• GIVEN DATA:
___
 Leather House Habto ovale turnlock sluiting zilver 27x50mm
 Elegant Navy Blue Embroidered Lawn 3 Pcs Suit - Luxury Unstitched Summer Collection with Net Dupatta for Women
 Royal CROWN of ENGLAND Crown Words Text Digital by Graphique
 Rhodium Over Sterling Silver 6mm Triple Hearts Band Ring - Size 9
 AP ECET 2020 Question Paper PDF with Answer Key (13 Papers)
___
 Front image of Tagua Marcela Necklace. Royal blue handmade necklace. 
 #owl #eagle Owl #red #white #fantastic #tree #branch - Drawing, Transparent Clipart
___
• ASSIGNMENT: Look above for the line holding "Royal CROWN of" and the line holding "AP ECET 2020", then output exactly those two lines and every line between them, nothing more.

• EXERCISE OUTPUT:
 Royal CROWN of ENGLAND Crown Words Text Digital by Graphique
 Rhodium Over Sterling Silver 6mm Triple Hearts Band Ring - Size 9
 AP ECET 2020 Question Paper PDF with Answer Key (13 Papers)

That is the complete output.